DATA EXTRACTS:
___

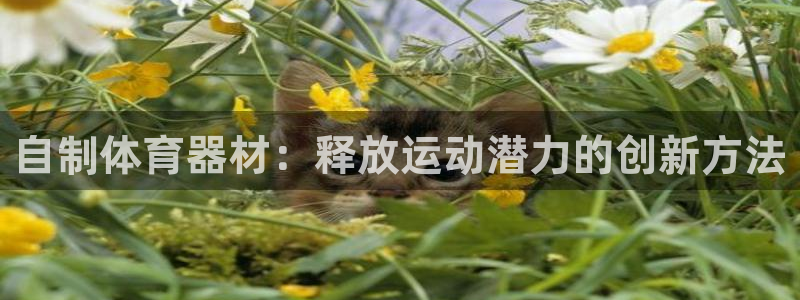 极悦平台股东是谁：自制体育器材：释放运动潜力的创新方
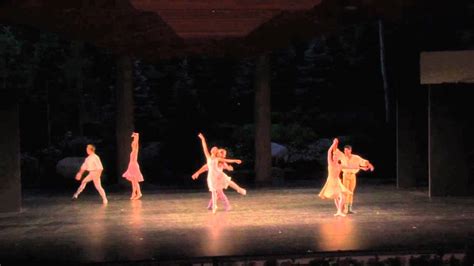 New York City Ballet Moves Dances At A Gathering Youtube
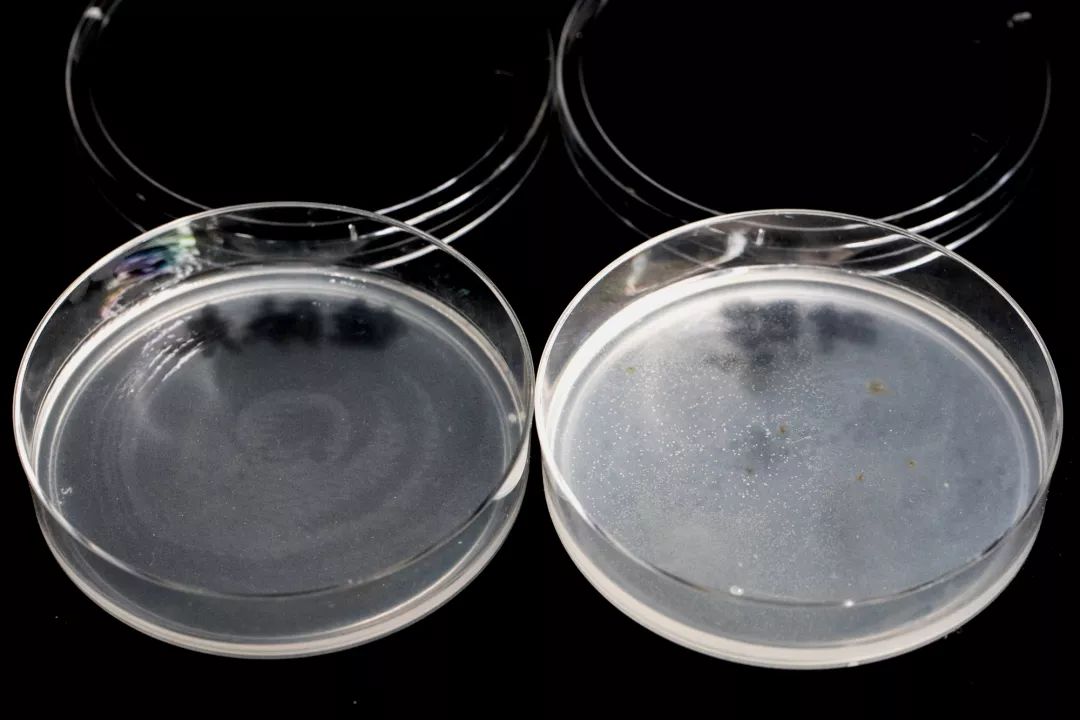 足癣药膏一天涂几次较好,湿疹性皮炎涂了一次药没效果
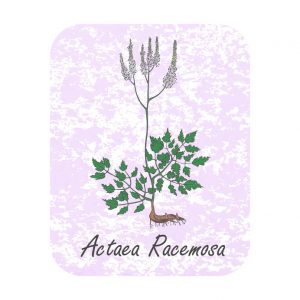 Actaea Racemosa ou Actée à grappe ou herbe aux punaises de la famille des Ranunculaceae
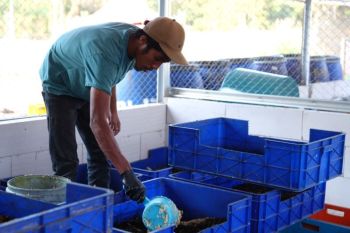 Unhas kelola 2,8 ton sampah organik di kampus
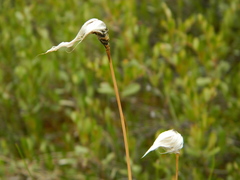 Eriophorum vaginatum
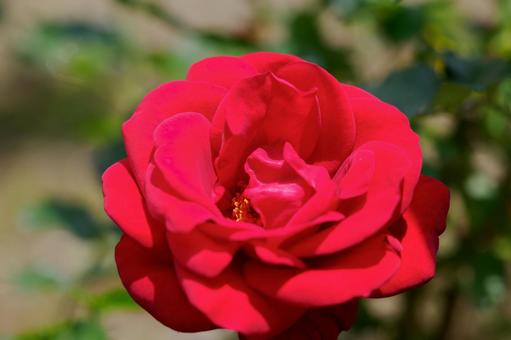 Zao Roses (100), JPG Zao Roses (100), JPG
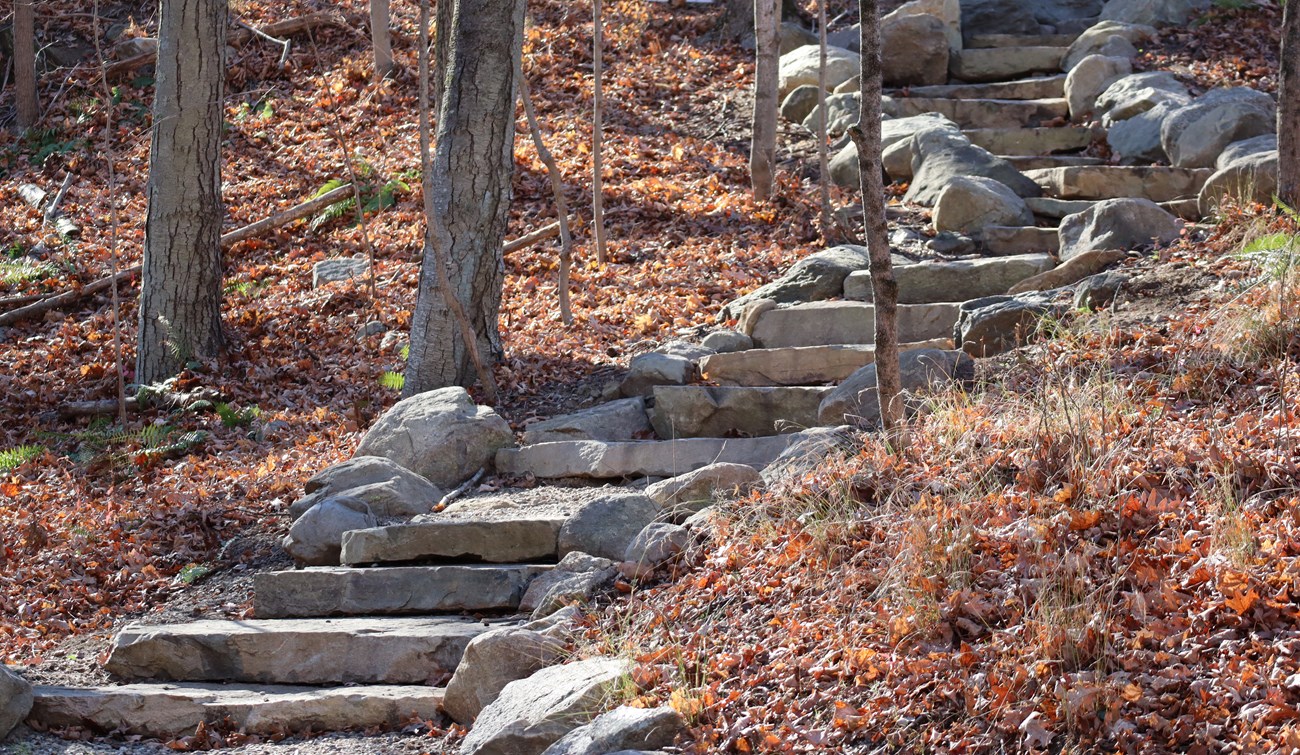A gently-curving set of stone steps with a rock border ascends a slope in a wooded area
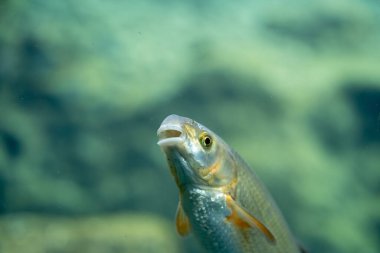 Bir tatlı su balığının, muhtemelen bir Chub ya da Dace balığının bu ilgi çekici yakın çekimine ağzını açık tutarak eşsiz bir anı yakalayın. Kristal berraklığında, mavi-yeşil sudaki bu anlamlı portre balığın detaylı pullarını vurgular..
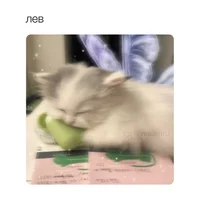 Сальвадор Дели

___

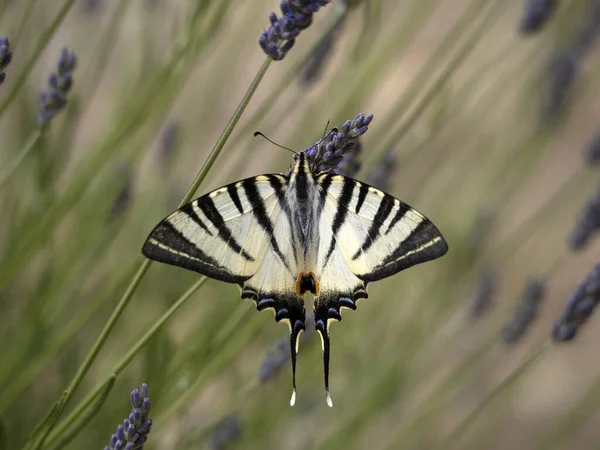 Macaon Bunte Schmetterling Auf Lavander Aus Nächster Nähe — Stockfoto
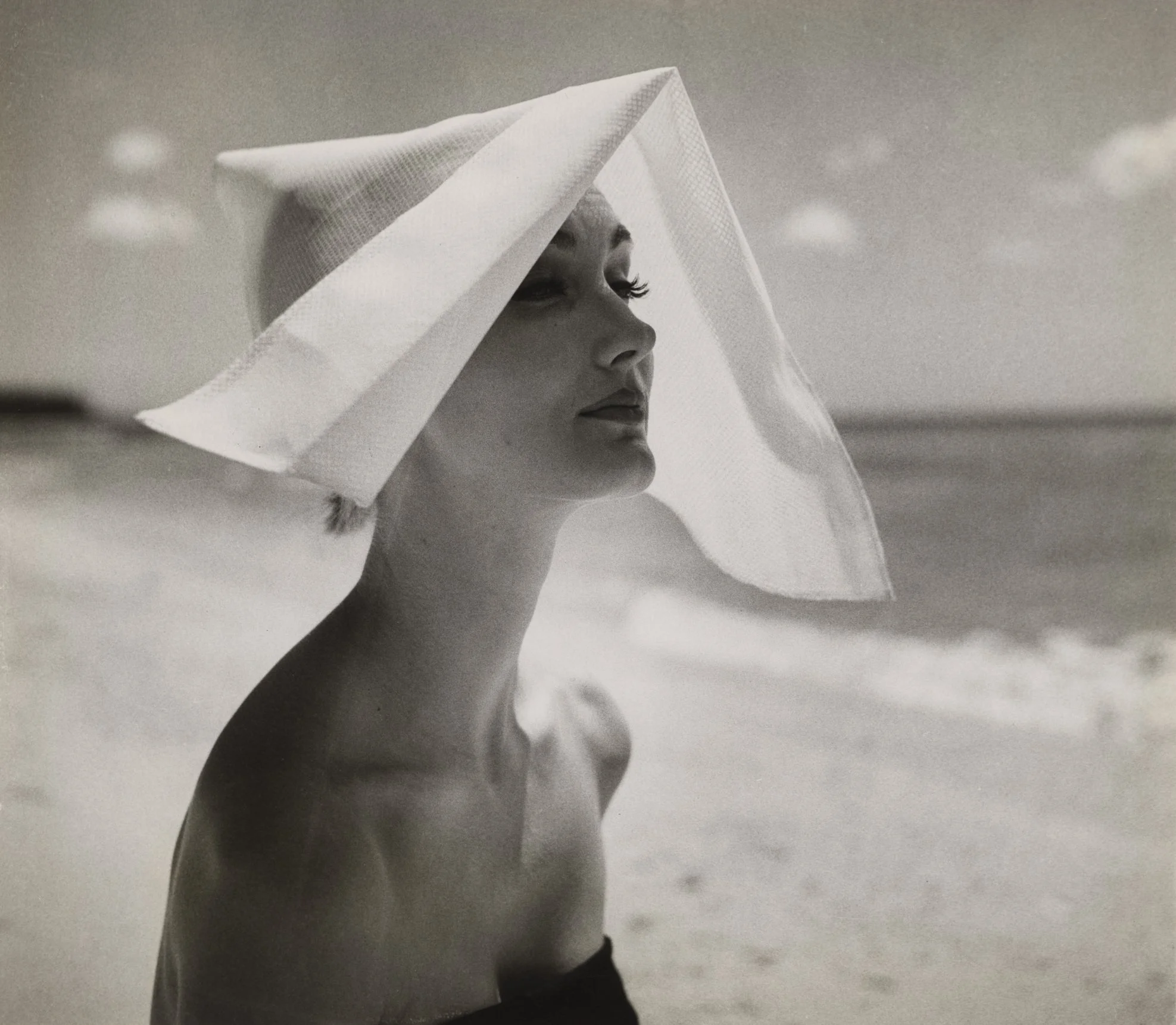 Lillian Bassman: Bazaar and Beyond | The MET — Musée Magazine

___

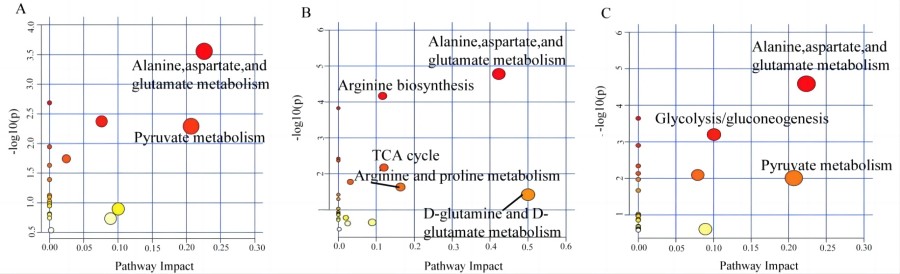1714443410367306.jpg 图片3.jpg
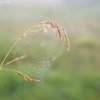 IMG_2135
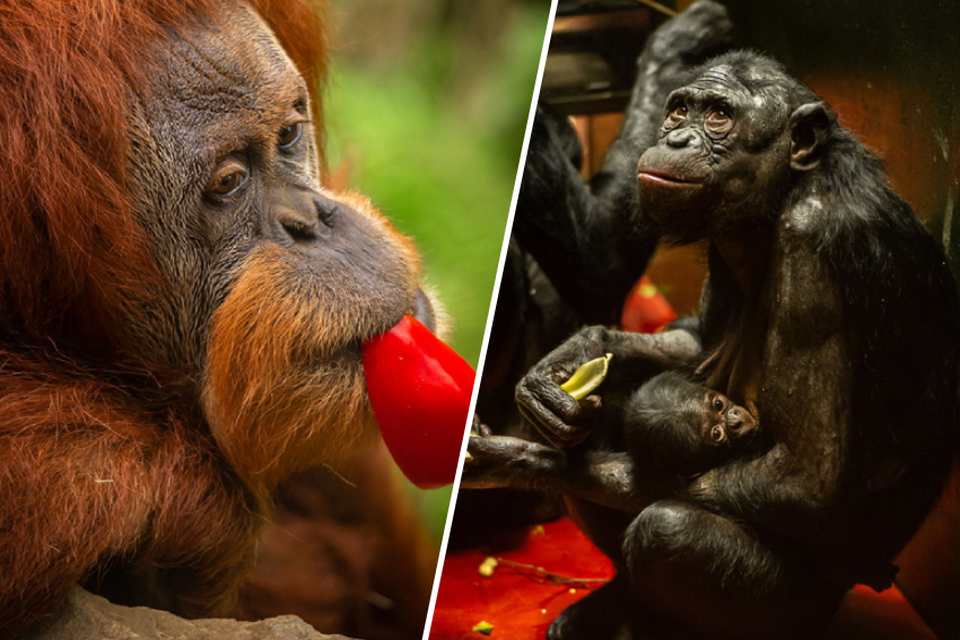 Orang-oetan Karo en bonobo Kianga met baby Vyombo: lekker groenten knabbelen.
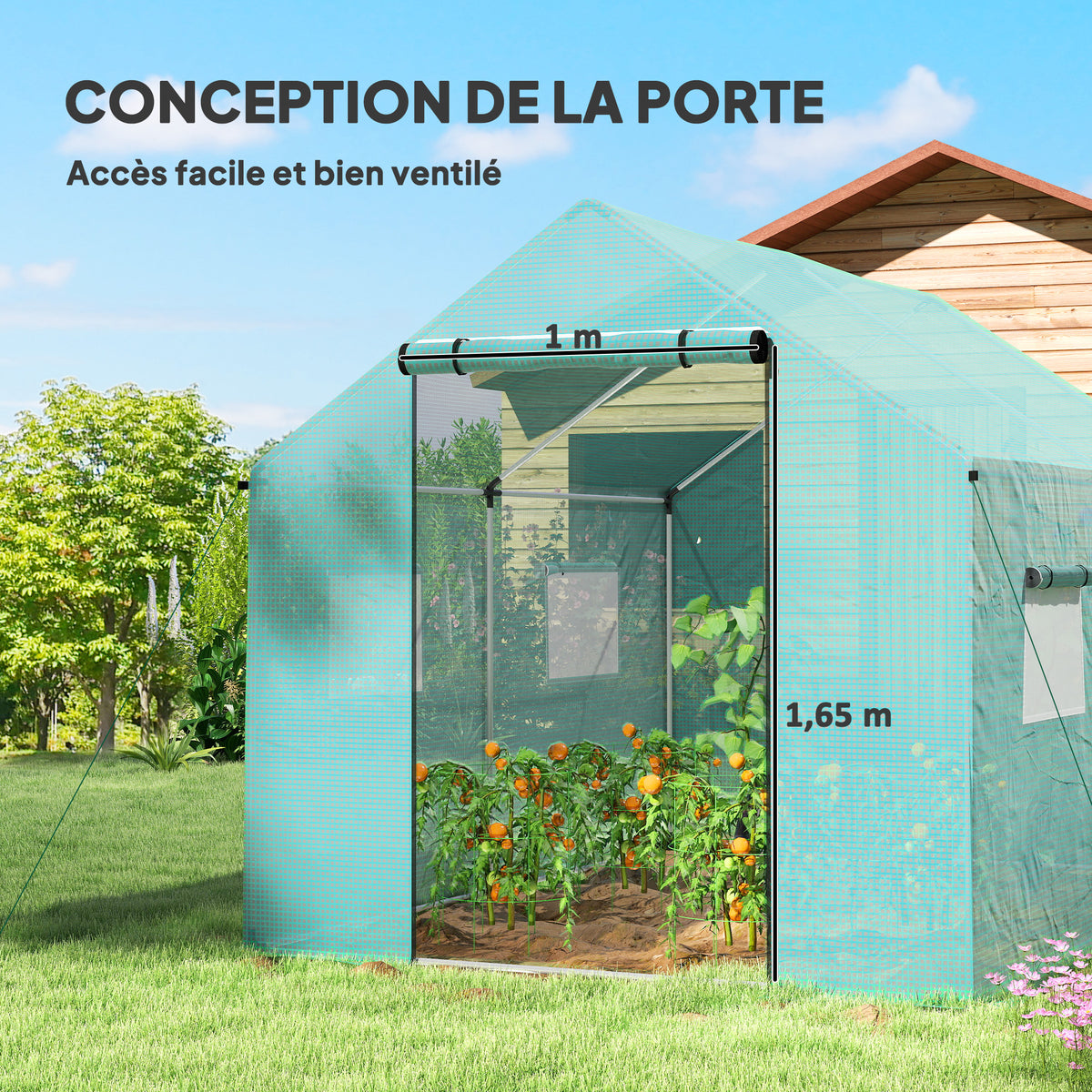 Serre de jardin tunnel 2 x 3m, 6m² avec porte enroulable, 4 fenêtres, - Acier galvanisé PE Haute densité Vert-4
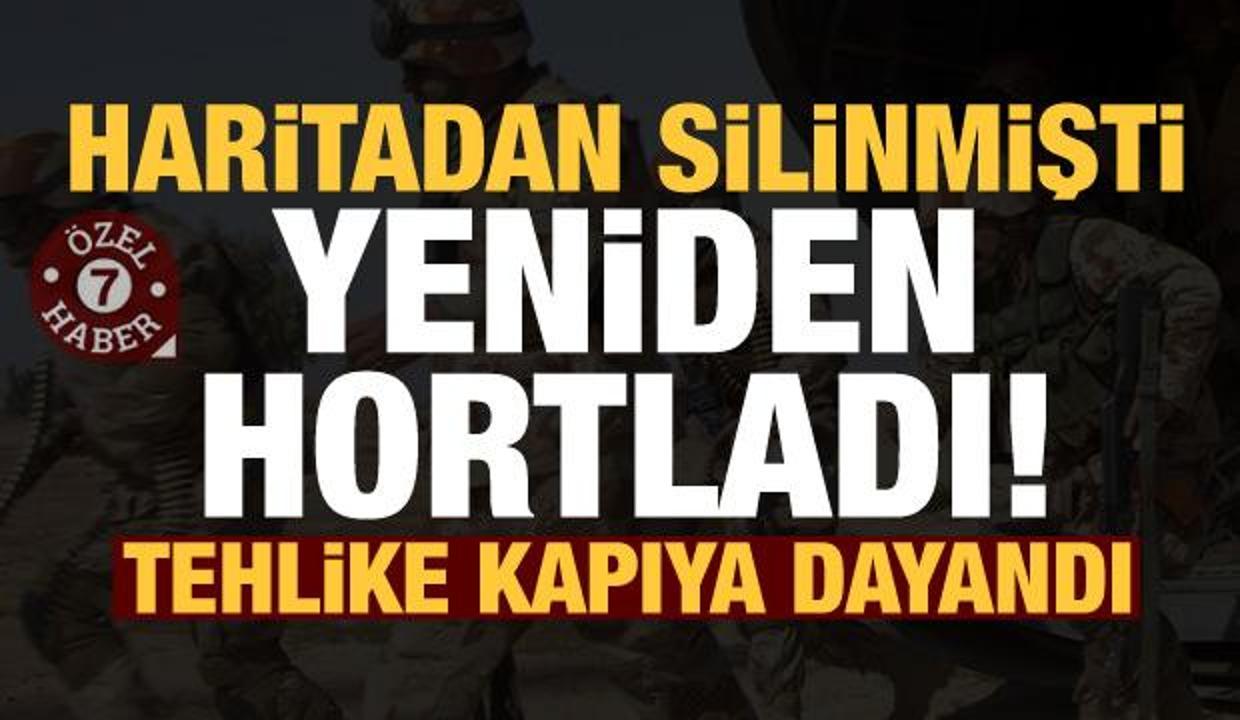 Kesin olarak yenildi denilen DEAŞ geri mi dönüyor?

___

TASK REQUIREMENTS: Working from the entries above, reproduce exactly and only the lines beginning with the line that has "极悦平台股东是谁：自制体育器材：释放运动潜力的创新方" and ending with the line that has "A gently-curving set"; omit all pictures.

YOUR SOLUTION:
 极悦平台股东是谁：自制体育器材：释放运动潜力的创新方
 New York City Ballet Moves Dances At A Gathering Youtube
 足癣药膏一天涂几次较好,湿疹性皮炎涂了一次药没效果
 Actaea Racemosa ou Actée à grappe ou herbe aux punaises de la famille des Ranunculaceae
 Unhas kelola 2,8 ton sampah organik di kampus
 Eriophorum vaginatum
 Zao Roses (100), JPG Zao Roses (100), JPG
A gently-curving set of stone steps with a rock border ascends a slope in a wooded area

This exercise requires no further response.